(Stored records)
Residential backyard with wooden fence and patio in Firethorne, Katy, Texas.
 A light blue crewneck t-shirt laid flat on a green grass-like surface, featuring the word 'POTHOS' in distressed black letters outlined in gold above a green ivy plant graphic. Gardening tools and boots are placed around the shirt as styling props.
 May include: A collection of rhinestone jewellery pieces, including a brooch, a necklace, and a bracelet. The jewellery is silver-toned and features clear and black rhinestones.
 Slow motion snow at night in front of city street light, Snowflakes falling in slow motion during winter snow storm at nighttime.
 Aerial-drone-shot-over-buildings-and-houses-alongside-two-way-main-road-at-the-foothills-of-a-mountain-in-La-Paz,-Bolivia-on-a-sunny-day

WHAT YOU HAVE TO DO — Nothing but the lines from the one with "Slow motion snow" through the end of the data above should be repeated, each exactly as it stands.

RESPONSE AREA —
 Slow motion snow at night in front of city street light, Snowflakes falling in slow motion during winter snow storm at nighttime.
 Aerial-drone-shot-over-buildings-and-houses-alongside-two-way-main-road-at-the-foothills-of-a-mountain-in-La-Paz,-Bolivia-on-a-sunny-day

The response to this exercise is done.